Last night in sub zero weather, I hobbled with fractured foot and the help of a friend to teach my monthly “Job/Life Transition with Joy and Purpose” class. We always discuss what’s been going on for folks, and one honest soul admitted that he didn’t do last month’s assignment (pasting cut out pictures onto a vision board) because he always procrastinates. “I had all the parts, all I had to do was tape.” So many of us are like that, we do 90% of the work, then quit or stop. Somehow we tricked him into doing the deed then and there in class in about five minutes. The ‘stuck’ that accompanies procrastination and our stories around this friendly foe, when unravelled, loosen us from judgment and further procrastination. Here are a few of the revelations we discussed that may help you bust your procrastinatory ways:
1. Don’t judge it, you may be procrastinating for good reason and getting lots of other stuff done while waiting it out.

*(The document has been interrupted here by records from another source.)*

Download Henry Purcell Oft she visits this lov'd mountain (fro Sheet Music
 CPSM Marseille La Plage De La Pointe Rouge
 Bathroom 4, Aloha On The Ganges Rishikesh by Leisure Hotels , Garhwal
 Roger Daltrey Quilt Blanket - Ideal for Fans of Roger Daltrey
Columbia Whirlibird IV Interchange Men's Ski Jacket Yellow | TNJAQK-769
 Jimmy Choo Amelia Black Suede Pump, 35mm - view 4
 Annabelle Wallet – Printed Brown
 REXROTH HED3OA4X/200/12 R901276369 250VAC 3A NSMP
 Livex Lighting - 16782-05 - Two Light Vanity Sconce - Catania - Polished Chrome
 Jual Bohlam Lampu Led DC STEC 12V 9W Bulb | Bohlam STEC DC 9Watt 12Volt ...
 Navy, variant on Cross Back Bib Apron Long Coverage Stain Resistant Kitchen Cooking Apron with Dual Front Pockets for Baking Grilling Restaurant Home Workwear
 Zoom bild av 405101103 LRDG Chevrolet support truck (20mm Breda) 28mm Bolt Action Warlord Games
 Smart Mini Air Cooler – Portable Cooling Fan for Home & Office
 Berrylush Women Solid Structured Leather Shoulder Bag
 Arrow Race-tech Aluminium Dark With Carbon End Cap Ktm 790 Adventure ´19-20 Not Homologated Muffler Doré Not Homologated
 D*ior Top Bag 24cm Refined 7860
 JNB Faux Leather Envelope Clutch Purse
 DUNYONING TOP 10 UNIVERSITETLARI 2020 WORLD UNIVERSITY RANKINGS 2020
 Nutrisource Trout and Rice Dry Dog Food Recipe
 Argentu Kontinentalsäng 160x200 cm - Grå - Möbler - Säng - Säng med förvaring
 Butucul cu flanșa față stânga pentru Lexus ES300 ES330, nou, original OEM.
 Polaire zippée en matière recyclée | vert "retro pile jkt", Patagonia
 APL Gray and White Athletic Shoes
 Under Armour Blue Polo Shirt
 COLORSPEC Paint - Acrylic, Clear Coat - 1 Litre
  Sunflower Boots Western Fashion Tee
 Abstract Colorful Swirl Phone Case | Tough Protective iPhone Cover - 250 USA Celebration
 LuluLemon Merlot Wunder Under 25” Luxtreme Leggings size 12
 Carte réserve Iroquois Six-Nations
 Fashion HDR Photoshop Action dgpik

2. Contemplate what’s scary about finishing the object of your procrastination, as in fear of success or failure, letting go of an enjoyable process, or expected criticism. Recognize that fear as ego-based and let it lie (it does lie, anyway). Don’t try to quell, ignore, or understand it. Just move forward. How do you do that??
3. Baby steps, big steps, any steps at all. Open a new file, make that call, write a poem. Distract yourself away from the Big Procrastination. Come back in a while. Catch yourself from awfulizing, general comments like “I always procrastinate.”
4. In summary, beat procrastination at its own game without judgment, enjoyably, one step at a time and without falling asleep. Procrastination hates an alert mind.

Share your latest procrastination with us, how you beat it, or not. We’ll help you.
Because after all, we’ve all been there.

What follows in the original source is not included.